Tomas Toimi - 08 de 09

(CLOSE NAS MÃOS COM SANGUE. PRETO E BRANCO. SOM BAIXO DE RUÍDOS DE MAQUINÁRIO INDUSTRIAL)

Tomas Toimi (voz numa apreensão quase feliz)
_ Paralelamente, sua intuição sobre minha pessoa, infeliz, acertou. Sempre fui dissimulado. Desejos reprimidos. Querendo arrancar do mundo o útero e comer escondido completamente. O útero do mundo daria criatividade para ser aceito, fizesse o que fosse minha manipulação.
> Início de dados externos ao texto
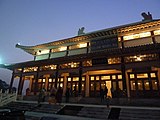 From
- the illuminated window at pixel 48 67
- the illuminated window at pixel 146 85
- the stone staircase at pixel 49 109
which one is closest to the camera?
the stone staircase at pixel 49 109

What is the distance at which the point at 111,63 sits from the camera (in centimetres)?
1505

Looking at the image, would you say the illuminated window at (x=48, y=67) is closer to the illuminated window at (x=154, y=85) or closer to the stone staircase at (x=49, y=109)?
the stone staircase at (x=49, y=109)

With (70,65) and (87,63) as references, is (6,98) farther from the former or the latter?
(87,63)

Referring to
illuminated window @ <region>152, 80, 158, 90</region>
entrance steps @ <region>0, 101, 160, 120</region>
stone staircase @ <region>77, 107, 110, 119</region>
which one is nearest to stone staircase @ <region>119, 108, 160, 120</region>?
entrance steps @ <region>0, 101, 160, 120</region>

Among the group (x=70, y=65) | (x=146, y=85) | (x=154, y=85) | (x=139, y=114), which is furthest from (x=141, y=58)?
(x=70, y=65)

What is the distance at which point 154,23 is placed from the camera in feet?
48.2

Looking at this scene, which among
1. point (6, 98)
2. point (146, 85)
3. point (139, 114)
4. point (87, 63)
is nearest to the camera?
point (139, 114)

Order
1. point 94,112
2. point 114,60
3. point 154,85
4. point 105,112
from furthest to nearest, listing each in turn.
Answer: point 114,60
point 154,85
point 94,112
point 105,112

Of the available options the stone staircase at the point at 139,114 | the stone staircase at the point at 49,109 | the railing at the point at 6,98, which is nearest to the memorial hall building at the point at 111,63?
the stone staircase at the point at 139,114

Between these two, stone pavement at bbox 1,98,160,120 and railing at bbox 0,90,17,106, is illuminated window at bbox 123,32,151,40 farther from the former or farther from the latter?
railing at bbox 0,90,17,106

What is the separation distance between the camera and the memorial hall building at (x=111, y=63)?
13750mm

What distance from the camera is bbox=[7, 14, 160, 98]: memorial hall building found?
13.8 meters

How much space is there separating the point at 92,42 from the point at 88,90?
6.04 meters

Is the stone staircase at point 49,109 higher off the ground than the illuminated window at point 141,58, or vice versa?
the illuminated window at point 141,58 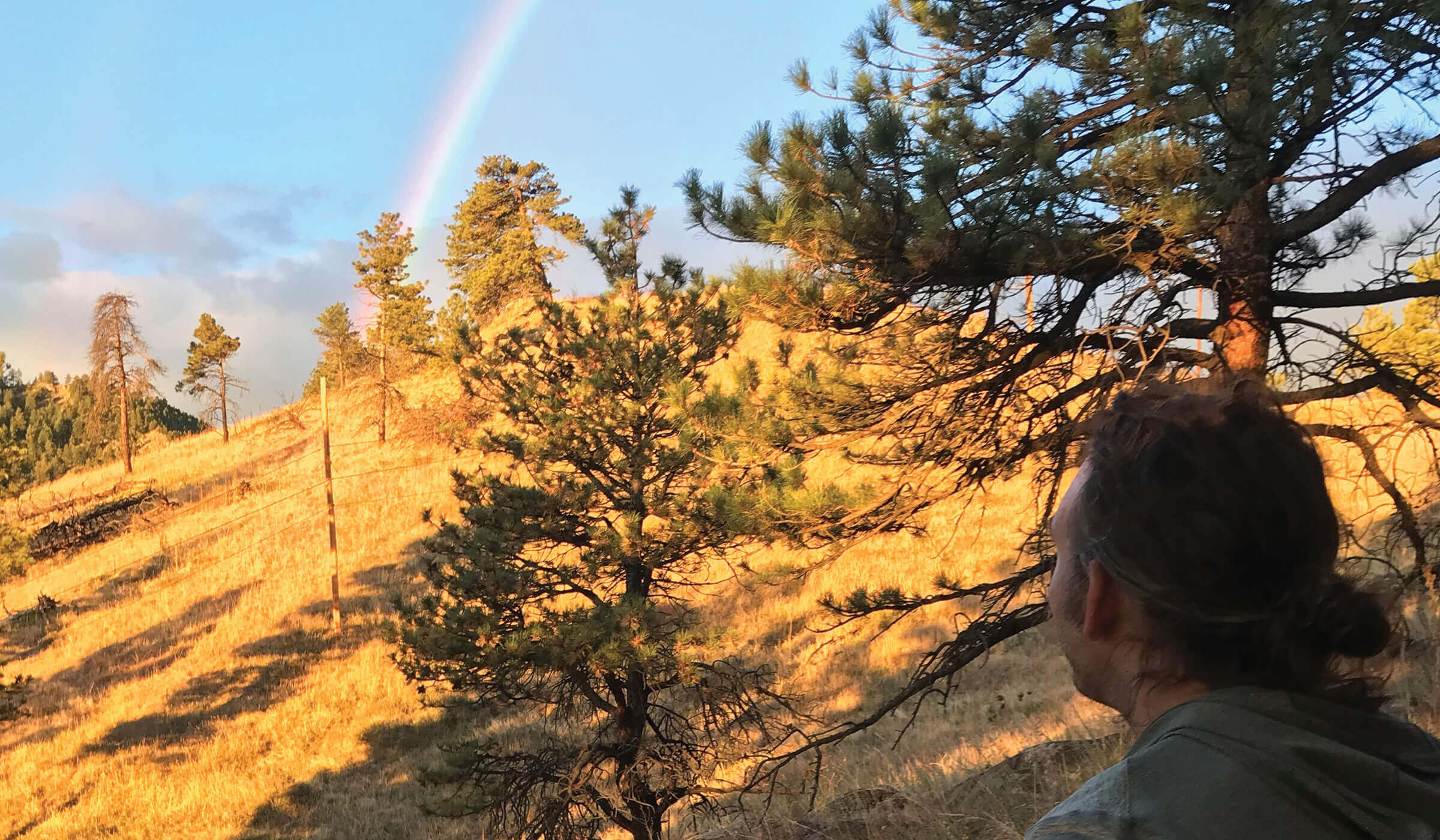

(O SOM DO MAQUINÁRIO É SUBSTITUÍDO AOS POUCOS PELO RUÍDO AUMENTATIVO DE UM TREM A RANGER NOS TRILHOS. CLOSE SENDO RETIRADO AOS POUCOS. CORTE BRUSCO PARA OS OLHOS)

Tomas Toimi (Voz sussurrante a aumentar conforme aumenta o volume dos ruídos do trem)

_ Enxergou sempre parte do que deveria meu rapaz. Agora sangra nesse incômodo momento. Provocou a ira dum ser alvo, puto, de atitudes diferentes da que aguardava? Fela, felizmente, é sempre assim. Deixo agora minha máscara. Meus olhos enquadrados em lente míope. Minha visão é futuro, empreendedor que faz dinheiro, planta e colhe o caos direto do teu sangue, imbecil!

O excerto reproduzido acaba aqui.